Mueller’s Testimony: A Rorschach Test for Americans

Mueller’s Testimony: A Rorschach Test for Americans

Democrats believed that bringing Special Prosecutor Robert Mueller before the House Judiciary and Intelligence Committees on July 24, 2019 was a way to allow a non-reading American public to finally hear the full story told in Mueller’s 448-page report: people could hear the testimony on TV or radio.
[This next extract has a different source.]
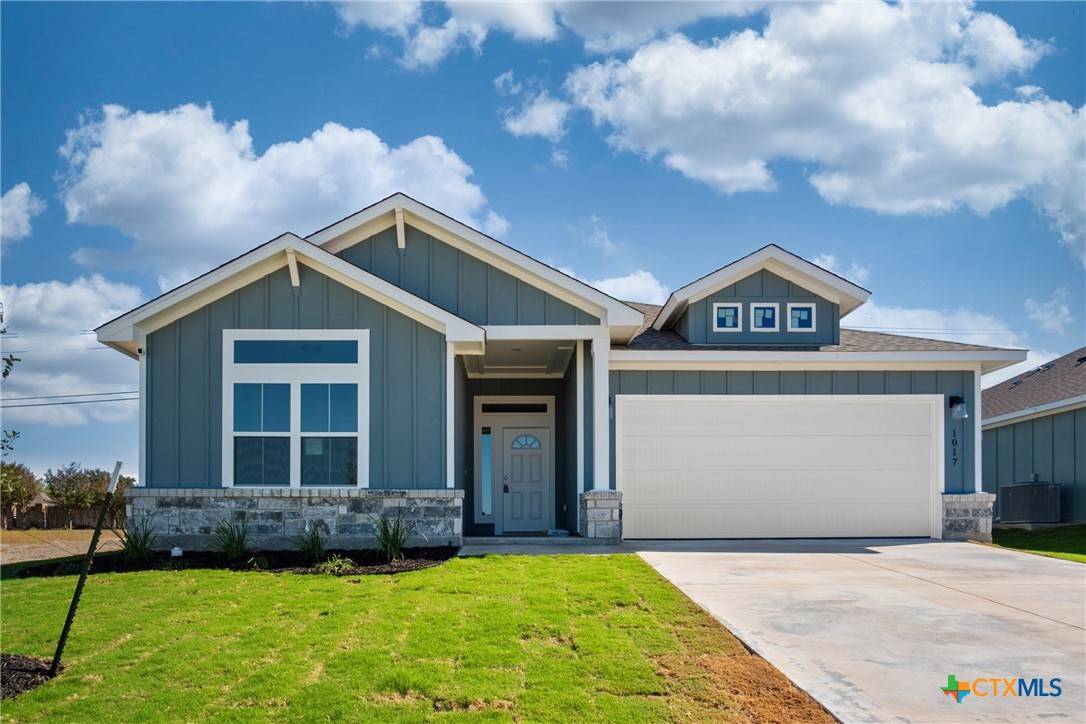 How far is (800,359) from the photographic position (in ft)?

Republicans saw the testimony as a stunt to resuscitate a non-issue, and an opportunity to prove some of their Deep State theories about the origins of the Trump-Russia story.

As a reluctant, and at times confused, Mueller testified, both sides got what they wanted, but their supporters likely heard – or willfully chose to overlook – uncomfortably contrary information in the process.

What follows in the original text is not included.